「総合こども館」計画中止を決定:大阪府阪南市

 大阪府阪南市は11月24日の市議会特別委員会で、市立幼稚園と保育所計7ヶ所を全市1ヶ所の認定こども園に統合・集約する「総合こども館」計画の中止を決定したと報告した。

 この問題では、市立幼稚園や保育所の老朽化を理由にして、「総合こども館」を建設して既存の幼稚園・保育所を1ヶ所に統合するとした。その一方で、600人規模という他に例をあまりみないような超巨大規模、国道沿いに面していることなどで、「児童に目が届きにくくなり、事故のリスクが高まるのでは」「地震や火災などの際の避難誘導が適切にできるのか」「一度インフルエンザなどの感染症などが発生すれば、通常以上に被害が広がるリスクがある」「送迎に時間がかかり、園児の体力面の不安や、保護者の送迎面での負担が高まる」「送迎の車で道路が渋滞する恐れ」など不安視する意見が出され、反対運動が起きた。

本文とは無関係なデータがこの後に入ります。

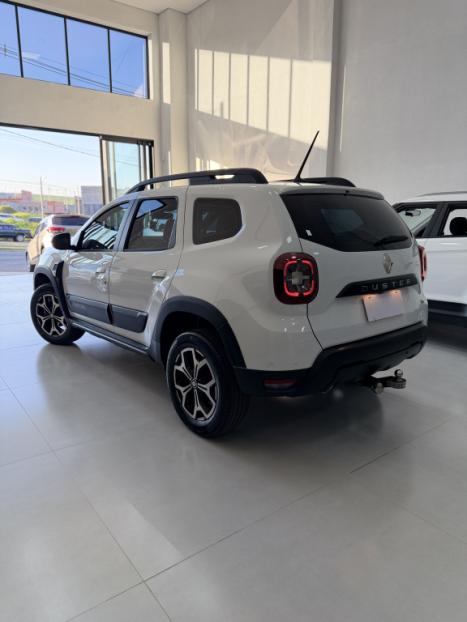RENAULT Duster 1.3 16V 4P ICONIC TURBO TCe AUTOM�TICO CVT, Foto 9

 「総合こども館」計画は2016年10月の阪南市長選挙の大きな争点ともなり、計画を推進していた現職は落選し、計画白紙撤回を掲げた新人の水野謙二氏が初当選した。

 「総合こども館」事業の廃止は、11月14日付で決定した。この事業をめぐっては国から6億円の補助金が下りているが、取り下げや用途変更などを国の担当部署と協議する予定にしている。

 既存の幼稚園・保育所については、施設の耐震性などを検討した上で、存続や統合などの方向性を検討するとしている。

 「総合子ども館」計画の撤回方針が決まったことは、一つの見識といえるだろう。一方で既存の幼稚園・保育所の将来像については現時点では白紙となっている。

 水野氏は「総合子ども館」計画中止を掲げた一方、公共施設の統廃合・民営化などを強力に推進する大阪維新の会から推薦を受けているという不安要素もある。幼稚園や保育所については、大阪市などでおこなわれているような強引な廃止・統廃合先にありきではなく、個別の施設ごとに調査の上、住民の意見をていねいに集約しながら方向性を出してほしいと願うものである。